I used to not have a trash
bin in my room. My mom used to tell me I didn't need it: “When you
make trash walk to the kitchen and dump it there.” Only now that I
have a trash bin do I know what the lack of it causes: a reluctance
to perceive things as useless, as Trash. A little piece of paper, a
watermelon seed, a piece of tape, push them to the corner, sweep it
under the rug. Dust stops being dirty, it is natural, it is dead skin
after all, and I am also dead skin. That's what happens when you
ignore some unsavoury basic need, no trash container means the trash
has to be dissipated around the room, rather than concentrated on the
one spot. Sadhguru knew this when he spoke that the trash bin was
essential. Imagine, if you wish to get visceral, the human body
without the body's trashcan – the rectum. My current condition is
almost the opposite. Trash, because of its easy disposability
faciliated by the bin is perceived by me as strongly offensive,
something to be disposed as soon as possible. I'm even to the point
where, a bit ridiculous, if I finish a toothpaste container, I carry
it from the bathroom to my private bin rather than the kitchen's.

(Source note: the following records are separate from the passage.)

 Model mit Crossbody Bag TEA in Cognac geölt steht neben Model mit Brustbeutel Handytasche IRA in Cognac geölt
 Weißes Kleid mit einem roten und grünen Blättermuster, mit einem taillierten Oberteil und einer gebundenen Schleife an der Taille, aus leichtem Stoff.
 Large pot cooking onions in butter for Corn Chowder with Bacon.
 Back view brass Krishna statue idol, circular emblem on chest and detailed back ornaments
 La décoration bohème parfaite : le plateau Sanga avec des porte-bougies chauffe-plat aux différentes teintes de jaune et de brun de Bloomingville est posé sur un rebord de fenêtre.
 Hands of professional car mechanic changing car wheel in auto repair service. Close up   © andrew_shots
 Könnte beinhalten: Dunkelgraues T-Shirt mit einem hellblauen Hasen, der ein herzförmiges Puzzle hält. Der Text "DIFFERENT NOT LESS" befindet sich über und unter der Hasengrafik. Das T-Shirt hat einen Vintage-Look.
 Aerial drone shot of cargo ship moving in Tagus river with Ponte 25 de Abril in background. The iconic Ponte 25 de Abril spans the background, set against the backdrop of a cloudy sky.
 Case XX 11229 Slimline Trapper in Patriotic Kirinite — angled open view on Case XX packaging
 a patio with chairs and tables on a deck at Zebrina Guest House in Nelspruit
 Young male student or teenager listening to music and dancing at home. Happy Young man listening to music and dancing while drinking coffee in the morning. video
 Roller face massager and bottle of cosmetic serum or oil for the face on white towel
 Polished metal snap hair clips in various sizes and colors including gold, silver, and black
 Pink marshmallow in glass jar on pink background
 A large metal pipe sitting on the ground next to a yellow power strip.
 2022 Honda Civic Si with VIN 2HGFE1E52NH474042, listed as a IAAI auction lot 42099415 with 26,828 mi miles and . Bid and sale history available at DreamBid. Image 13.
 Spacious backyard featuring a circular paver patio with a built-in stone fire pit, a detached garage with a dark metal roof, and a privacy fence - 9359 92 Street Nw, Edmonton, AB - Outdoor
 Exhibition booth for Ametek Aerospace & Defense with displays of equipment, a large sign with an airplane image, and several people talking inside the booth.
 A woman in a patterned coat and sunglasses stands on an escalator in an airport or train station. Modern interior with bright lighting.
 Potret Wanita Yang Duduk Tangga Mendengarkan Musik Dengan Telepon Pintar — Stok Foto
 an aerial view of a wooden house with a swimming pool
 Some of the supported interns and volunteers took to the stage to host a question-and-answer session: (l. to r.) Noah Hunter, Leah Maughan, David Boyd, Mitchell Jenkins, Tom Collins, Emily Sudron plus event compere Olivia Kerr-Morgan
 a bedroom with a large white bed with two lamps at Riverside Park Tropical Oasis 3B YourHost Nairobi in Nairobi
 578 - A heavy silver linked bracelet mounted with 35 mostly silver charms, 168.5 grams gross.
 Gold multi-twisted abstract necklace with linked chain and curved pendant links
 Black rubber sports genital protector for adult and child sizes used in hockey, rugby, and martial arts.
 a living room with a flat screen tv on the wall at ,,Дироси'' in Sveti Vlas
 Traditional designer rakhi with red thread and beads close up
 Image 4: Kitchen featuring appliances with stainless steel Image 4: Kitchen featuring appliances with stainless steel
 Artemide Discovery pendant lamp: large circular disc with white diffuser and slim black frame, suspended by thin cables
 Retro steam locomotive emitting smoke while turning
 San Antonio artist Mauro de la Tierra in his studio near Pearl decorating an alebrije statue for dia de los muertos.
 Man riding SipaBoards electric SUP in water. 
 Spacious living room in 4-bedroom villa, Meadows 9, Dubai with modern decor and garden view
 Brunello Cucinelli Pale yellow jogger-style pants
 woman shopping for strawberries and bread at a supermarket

It's not that it's closer, which it is, it's that I get a weird
feeling of pleasure from disposal, like I want to compulsively fill
another trash bag just to replace it. It feels good anyway, I like to
think the former binless and now binful existences aren't mere quirk
of mine but contain an element of my life at large in it. Useless
stuff not only weeded out but having their uselessness exposed.